Si l'article 146 ter était interprété comme autorisant le rapporteur public à ne faire connaître ses conclusions qu'à la formation de jugement et non au justiciable concerné, il encourrait alors la censure du Conseil constitutionnel, car, comme l'a relevé la Cour européenne des droits de l'homme, « la notion de procès équitable implique aussi en principe le droit pour les parties à un procès de prendre connaissance de toute pièce ou observation soumise au juge, fût-ce par un magistrat indépendant, en vue d'influencer sa décision, et de la discuter ».

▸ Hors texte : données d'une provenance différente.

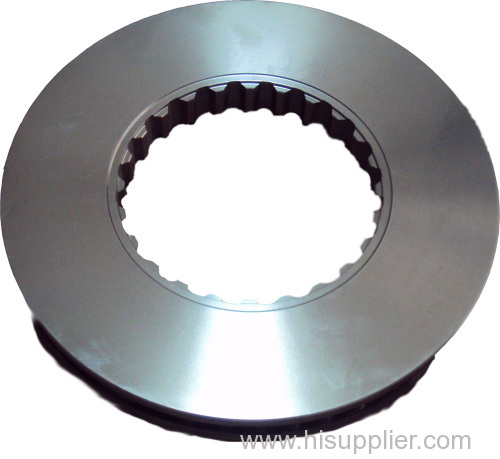 Butterfly Brake Disc with sand casting process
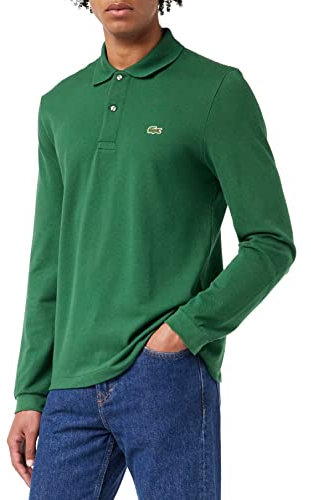 Lacoste L1312, Polo, Uomo, Verde (Vert), XXL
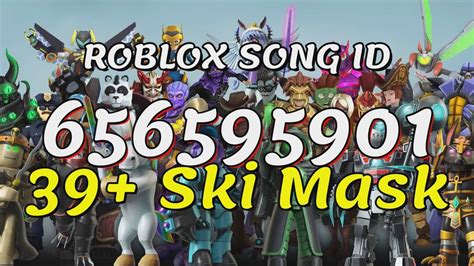 39 Ski Mask Roblox Song Idscodes Youtube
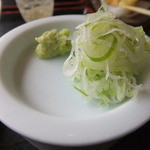 そばのさと - 薬味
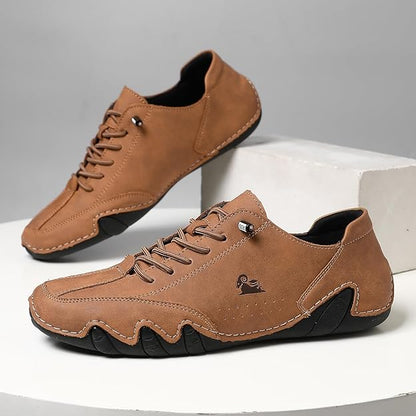 ⏰Promotion 60% OFF-2025 hot sale men's orthopedic shoes comfortable genuine leather walking shoes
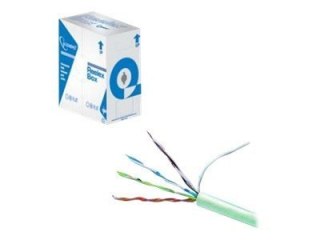 Gembird - Zwój kabla - 304.8 m - UTP - CAT 5e - trwały - szary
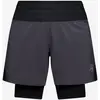 Image de Short La Sportiva Ultra Distance gris foncé noir - S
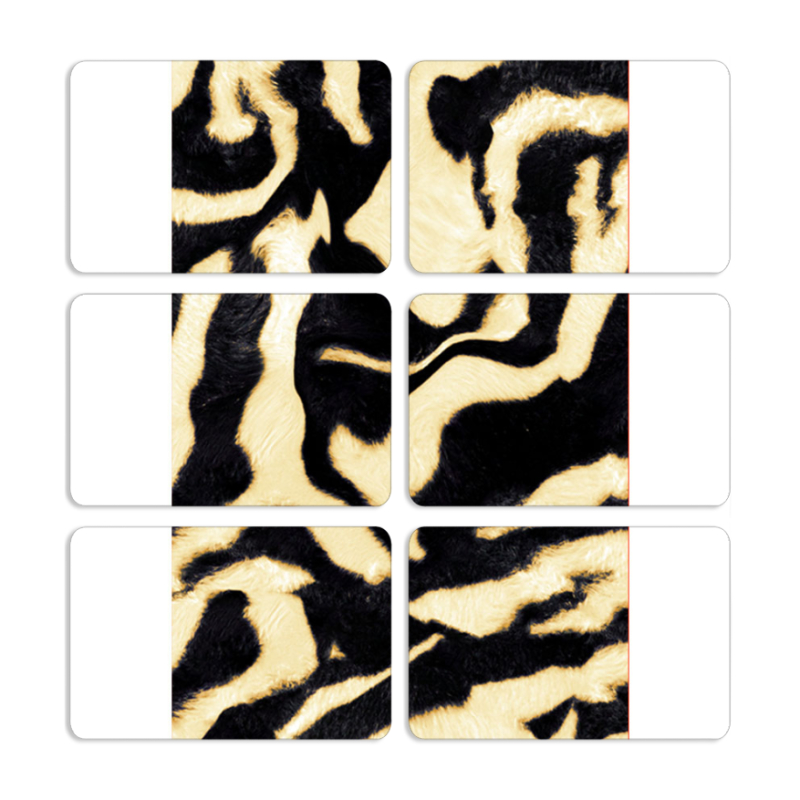 Магнитные фотопазлы 80 на 50 набор 6 штук 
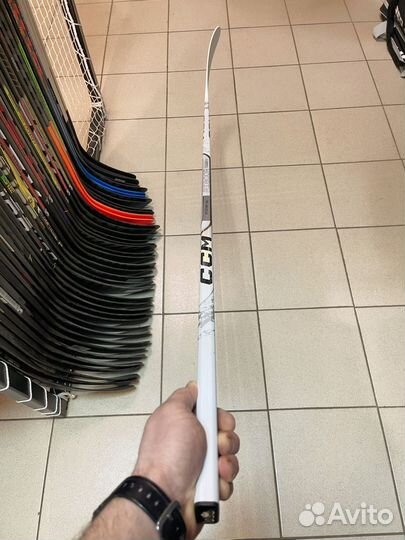 Клюшка хоккейная Ccm Trigger 9 pro White JR-28/50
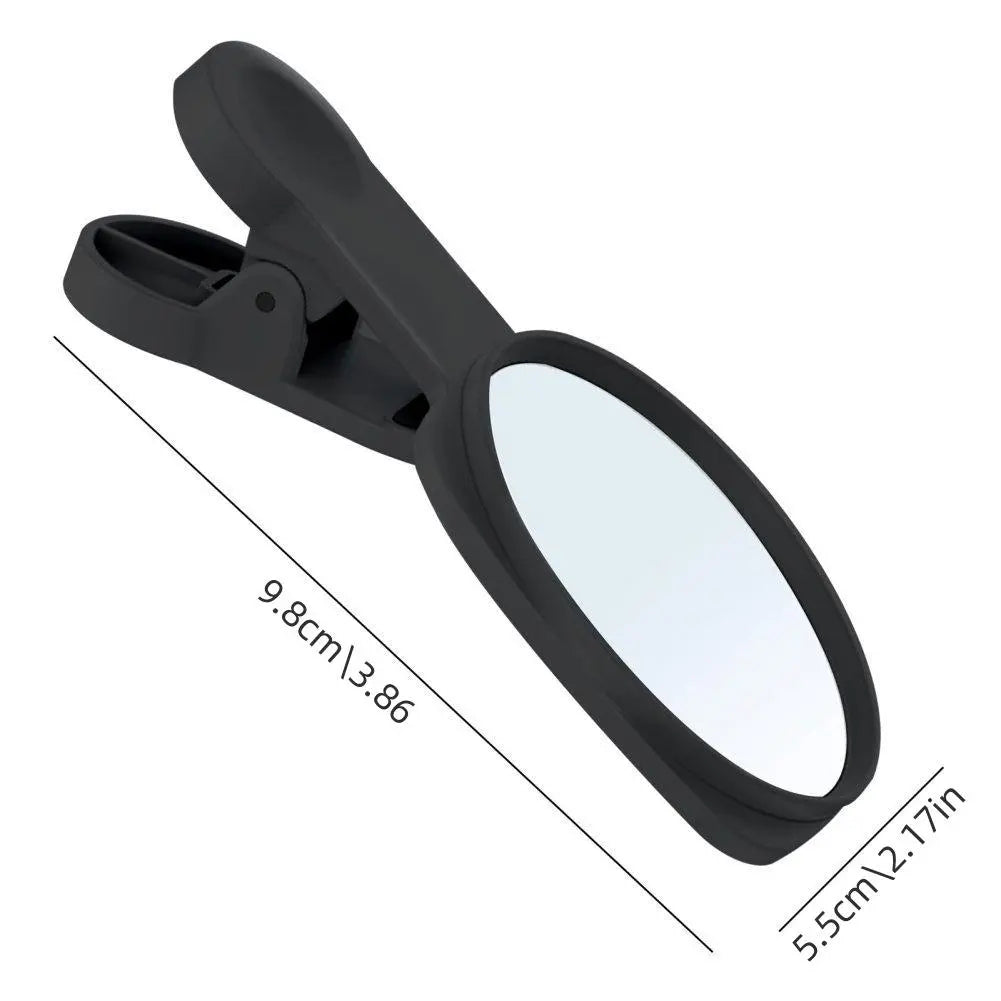 Phone Camera Mirror, Phone Clip-On Design Selfie Mirror, Selfie Accessories for Women & Girls, Fashion Phone Accessories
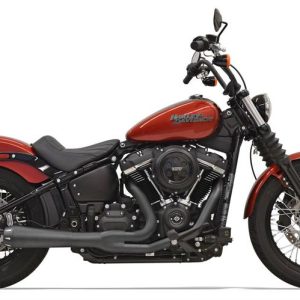 BASSANI Raven Black Road Rage III 2-1 Exhaust System - 1S72RB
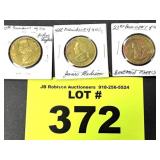 (3) PRESIDENT OF THE US COINS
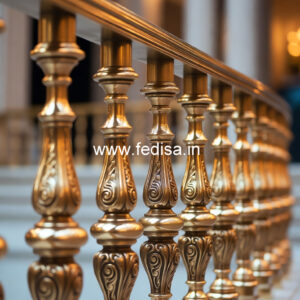 Modern Steel Railing Design For Ghar No-1728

Un dernier argument est relatif à l'égalité des citoyens devant la justice. La violation du principe d'égalité devant la justice est constatée lorsqu'il est fait « obstacle à ce que des citoyens se trouvant dans des conditions semblables et poursuivis pour les mêmes infractions soient jugés par des juridictions composées selon des règles différentes ».

L'article 146 ter se contente d'une référence aux « matières énumérées par décret en Conseil d'État », sans plus de précisions, sans référence à de quelconques critères objectifs.

La disposition critiquée ici, si elle prévoit effectivement l'établissement d'une liste d'exceptions – dont on a néanmoins vu qu'elle ne contenait pas de critères objectifs – réintroduit une part de pouvoir discrétionnaire puisque, selon l'idée que le rapporteur public et le président de la formation de jugement se feront de « la nature des questions à juger », il y aura ou il n'y aura pas intervention dudit rapporteur à l'audience.

La différence de traitement, qui résultera de l'exercice de ce pouvoir discrétionnaire, entre des justiciables qui se trouvent pourtant dans des situations semblables est dès lors constitutive d'une rupture d'égalité devant la justice.

Nous le voyons – et j'en termine sur ces dispositifs un peu techniques, mais essentiels pour la défense des libertés –, il reste bien des sujets de débat que le juge constitutionnel sera amené à trancher, si cette motion de rejet préalable est repoussée. Mais je vous invite, bien sûr, à la voter, compte tenu des sujets majeurs qui fondent sa présentation.